- Source records -

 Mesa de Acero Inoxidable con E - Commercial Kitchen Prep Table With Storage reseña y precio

...

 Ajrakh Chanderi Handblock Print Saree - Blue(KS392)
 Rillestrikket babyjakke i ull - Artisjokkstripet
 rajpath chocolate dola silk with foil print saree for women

* * *

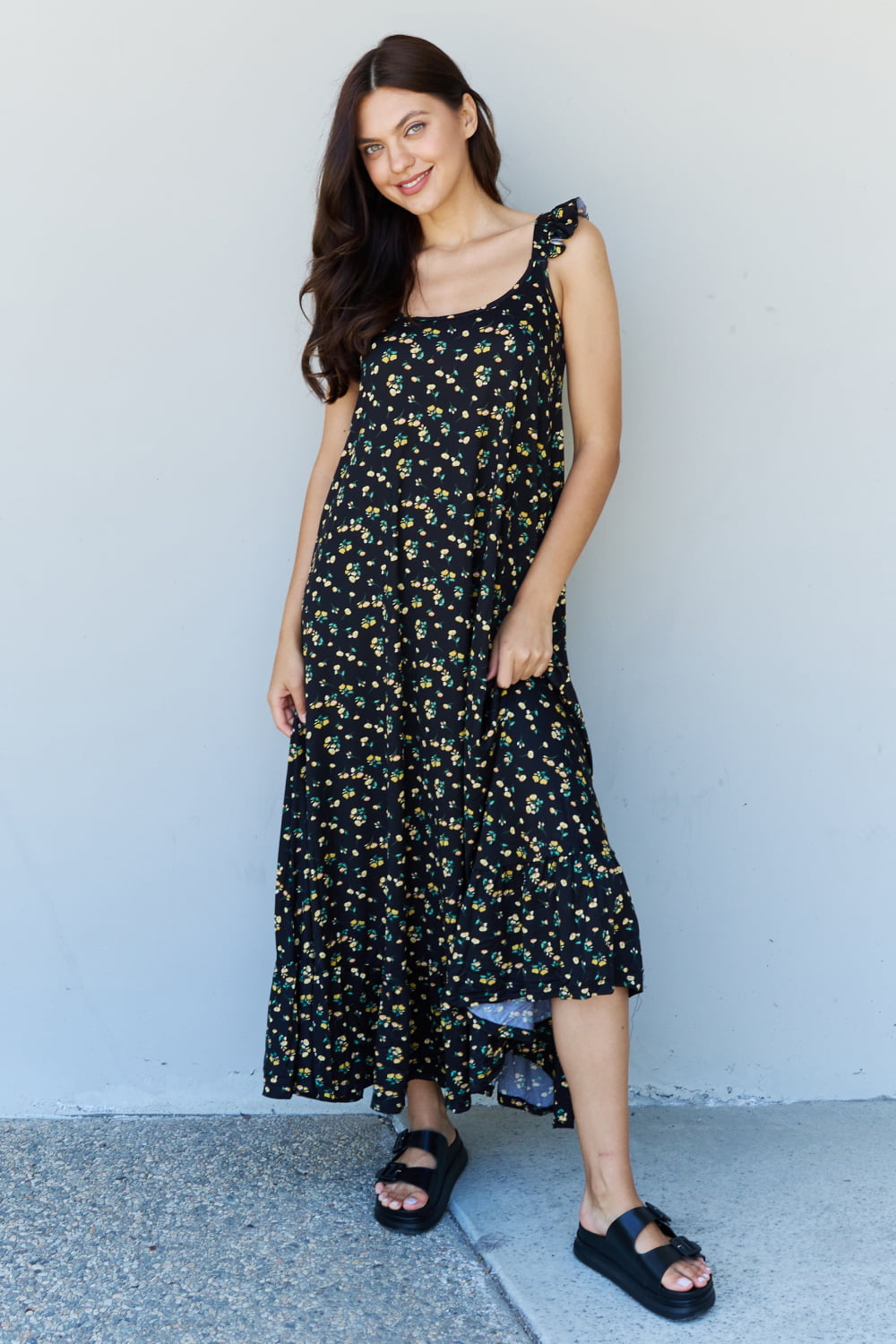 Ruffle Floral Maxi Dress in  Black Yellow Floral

- Exercise requirements -
Look through the material above and print exactly the lines from the one containing "Ajrakh Chanderi Handblock" to the one containing "rajpath chocolate dola", both included, and nothing more.

- Completed exercise -
 Ajrakh Chanderi Handblock Print Saree - Blue(KS392)
 Rillestrikket babyjakke i ull - Artisjokkstripet
 rajpath chocolate dola silk with foil print saree for women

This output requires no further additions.